An asymmetry is introduced in the MEMS device 100 by the first and second stator electrodes 111 and 112. For example, the asymmetry may be introduced by the first and second stator electrodes 111 and 112 not having the same thickness as the first and second rotor electrodes 121 and 122. In the example of FIG. 1, the thickness of the first and second rotor electrodes 121 and 122 is different from the thickness of the first and second stator electrodes 111 and 112. Alternatively or additionally, the asymmetry may be introduced by lifting the first and second stator electrodes 111 and 112 relative to the first and second rotor electrodes 121 and 122. In other words, when the rotor 120 is in a rest position, the extension of the first and second stator electrodes 111 and 112 along the thickness direction z of the MEMS device 100 may be different from the extension of the first and second rotor electrodes 121 and 122 along the thickness direction z of the MEMS device 100. The rest position of the rotor 120 is (refers to) the default or initial orientation of the rotor 120 when no external forces are applied to actuate or move it. In other words, it is the position where the rotor 120 comes to rest naturally. For example, the rest position of the rotor 120 may be determined by the mechanical design of the rotor 120 and the suspension structure as well as the balance of forces acting on it. The asymmetry is beneficial in in terms of manufacturing complexity and rotor position sensing.

The MEMS device 100 further comprises drive circuitry 130 configured to apply electric potentials to the first and second stator electrodes 111 and 112 for driving the rotor 120 to oscillate about the oscillation axis 105. In the example of FIG. 1, the drive circuitry 130 is illustrated as an element separate from the stator 110. However, the present disclosure is not limited thereto. In other examples, the drive circuitry 130 may be implemented in or on the stator 110. For example, the drive circuitry 130 may be electrically coupled to the first and second stator electrodes 111 and 112 via a plurality of conductive paths, traces or channels.

When the rotor 120 is in the rest position, the drive circuitry 130 is configured to generate the electric potentials to apply a non-zero torque to the rotor 120 to start oscillation of the rotor 120 about the oscillation axis 105. In other words, when the rotor 120 is in the rest position, the drive circuitry 130 is configured to generate the electric potentials such that a non-zero torque is applied to the rotor 120 in order to cause the rotor 120 to start oscillating about the oscillation axis 105.

When the rotor 120 is in the rest position, the drive circuitry 130 causes a non-zero torque (net torque) on the rotor 120 such that the rotor 120 starts oscillating about the oscillation axis 105. This significantly improves the startup time and startup frequency region of the MEMS device compared to conventional MEMS devices using conventional parametric excitation at startup of the MEMS device.

The electrical potentials applied to the first and second stator electrodes 111 and 112 may be configured in various ways to cause application of a non-zero torque to the rotor 120 when the rotor 120 is in the rest position.
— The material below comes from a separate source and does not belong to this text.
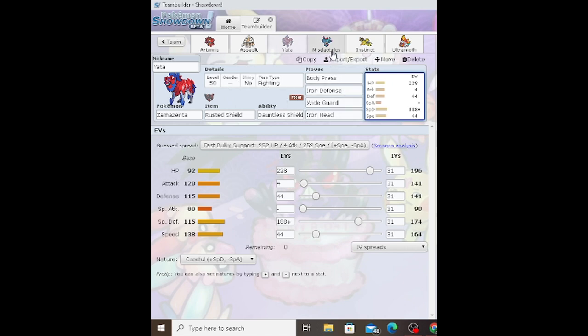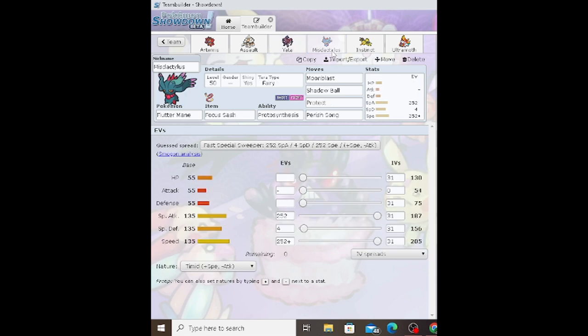Flutter Mane was also a big part because of the speed and damage, and I won't get the opportunity to use this pokemon again at least in Regulation H. Flutter Mane is a glass cannon but it's such a good pokemon to have.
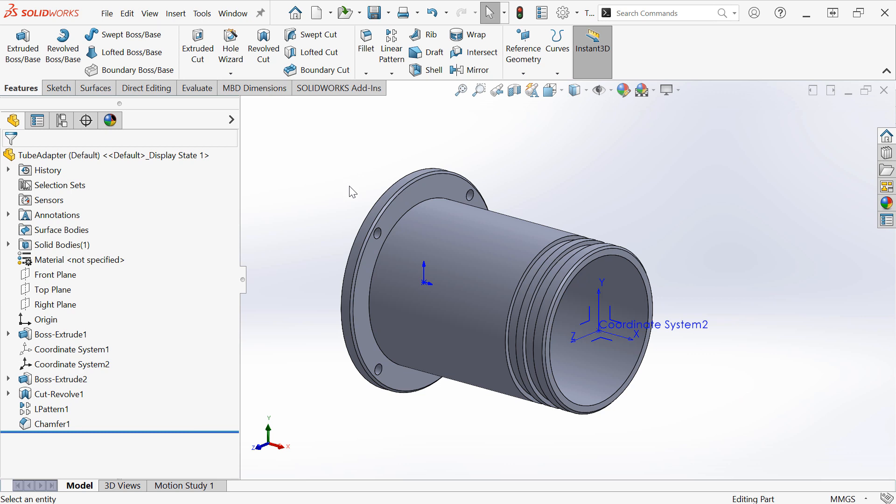Hopefully you can see how coordinate systems can now also be a valuable modeling tool inside SOLIDWORKS. Let us know in the comments section below how you've used coordinate systems and what type of content you'd like to see next.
In the following, a few example configurations of the electrical potentials applied to the first and second stator electrodes 111 and 112 will be described in detail. However, it is to be noted that the present disclosure is not limited thereto. Other configurations causing a non-zero torque on the rotor 120 when the rotor 120 is in the rest position may be used as well.

When the rotor 120 is in the rest position, the drive circuitry 120 may be configured to concurrently apply a first electric potential to the first stator electrodes 111 and a second electric potential to the second stator electrodes 112. The first electric potential is different from the second electric potential. The difference between the first electric potential and the second electric potential causes the non-zero torque on the rotor 120 in the rest position.

The first electric potential and the second electric potential may be configured in various ways to cause the non-zero torque on the rotor 120 in the rest position.

For example, the first and second electric potentials may be periodic electric potentials with different duty cycles. The duty cycle is the ratio of the active time (the time during which the waveform of the electric potential is high) to the total period of the waveform. In other words, the waveforms of the first and second electric potentials may repeat periodically but have varying ratios of high potential time to total cycle time.

In alternative examples, the first electric potential may be a constant electrical potential (e.g., the first electrical potential does not change over time) and the second electric potential may be an oscillating electric potential (e.g., a time-varying electrical potential changing magnitude and optionally polarity over time). The second electrical potential may be a periodic electric potential but need not.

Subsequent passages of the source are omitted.